From the time of the first conference in 1999, there have been last 18 Tamil Internet conferences, and, we have seen tremendous progress on the science and engineering behind Indian Language computing that’s happening.
In this post, I am sharing the notes I have taken during the TIC 2019 that’s underway at Anna University. [Disclaimer: These notes are NOT meant to be comprehensive, they are just my notes of (only) the sessions I attended, please treat them as such]
In the keynote, Hon’ble Minister Mr “Mafoi” Pandiarajan spoke in length about his department’s work on developing one of the large corpora of Tamil words with meaning – செந்தமிழ்ச் சொற்பிறப்பியல் அகரமுதலித் திட்ட இயக்ககம் – சொற்குவை (Sorkuvai).

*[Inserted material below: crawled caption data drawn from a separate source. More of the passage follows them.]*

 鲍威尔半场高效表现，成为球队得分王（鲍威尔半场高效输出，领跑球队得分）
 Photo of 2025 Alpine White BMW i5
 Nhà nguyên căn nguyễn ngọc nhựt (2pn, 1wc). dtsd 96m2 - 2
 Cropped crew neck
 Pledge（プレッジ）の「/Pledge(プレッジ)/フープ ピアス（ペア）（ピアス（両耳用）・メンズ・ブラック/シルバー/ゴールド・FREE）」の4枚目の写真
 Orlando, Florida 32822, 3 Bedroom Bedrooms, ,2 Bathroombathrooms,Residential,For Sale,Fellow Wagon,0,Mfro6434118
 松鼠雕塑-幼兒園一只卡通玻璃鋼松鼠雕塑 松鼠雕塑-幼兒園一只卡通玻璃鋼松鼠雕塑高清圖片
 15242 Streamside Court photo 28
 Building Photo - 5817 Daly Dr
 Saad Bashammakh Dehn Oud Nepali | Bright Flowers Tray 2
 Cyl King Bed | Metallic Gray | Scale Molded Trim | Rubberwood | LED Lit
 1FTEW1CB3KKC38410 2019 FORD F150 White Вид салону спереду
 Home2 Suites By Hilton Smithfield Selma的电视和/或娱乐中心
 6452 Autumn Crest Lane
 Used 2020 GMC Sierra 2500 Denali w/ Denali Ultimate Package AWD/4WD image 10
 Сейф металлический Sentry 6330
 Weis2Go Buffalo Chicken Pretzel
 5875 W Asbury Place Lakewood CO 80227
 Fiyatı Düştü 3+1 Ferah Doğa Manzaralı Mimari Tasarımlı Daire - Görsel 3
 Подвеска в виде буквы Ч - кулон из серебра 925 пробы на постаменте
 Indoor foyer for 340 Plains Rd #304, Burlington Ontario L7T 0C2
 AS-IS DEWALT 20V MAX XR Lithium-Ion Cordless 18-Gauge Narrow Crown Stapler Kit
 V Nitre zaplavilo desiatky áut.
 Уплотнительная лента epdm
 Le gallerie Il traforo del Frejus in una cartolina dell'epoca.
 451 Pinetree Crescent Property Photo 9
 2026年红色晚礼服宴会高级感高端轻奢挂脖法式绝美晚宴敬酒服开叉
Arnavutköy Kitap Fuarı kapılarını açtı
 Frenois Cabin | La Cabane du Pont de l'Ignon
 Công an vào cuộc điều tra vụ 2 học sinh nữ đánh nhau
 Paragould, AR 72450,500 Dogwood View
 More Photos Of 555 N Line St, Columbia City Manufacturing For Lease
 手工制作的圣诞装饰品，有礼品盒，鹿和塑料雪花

Prof Rajeev Sangal of IIIT Hyderabad talks on speech to speech machine translation, stresses on the importance of the human in the loop. He says for Hindi, his mother tongue to survive and thrive, Tamil, Telugu and all other Indian languages have to survive and thrive, we have a symbiotic connection, we have to support each other. Great insights & vision.
Ms Aparna of Amazon India talking about Alexa’s speech recognition. I learned from her talk of a concept called phoneme – any of the perceptually distinct units of sound in a specified language that distinguishes one word from another.
She asked us to do three activities to draw parallels on what’s happening with Voice Assistants with how humans understand a language.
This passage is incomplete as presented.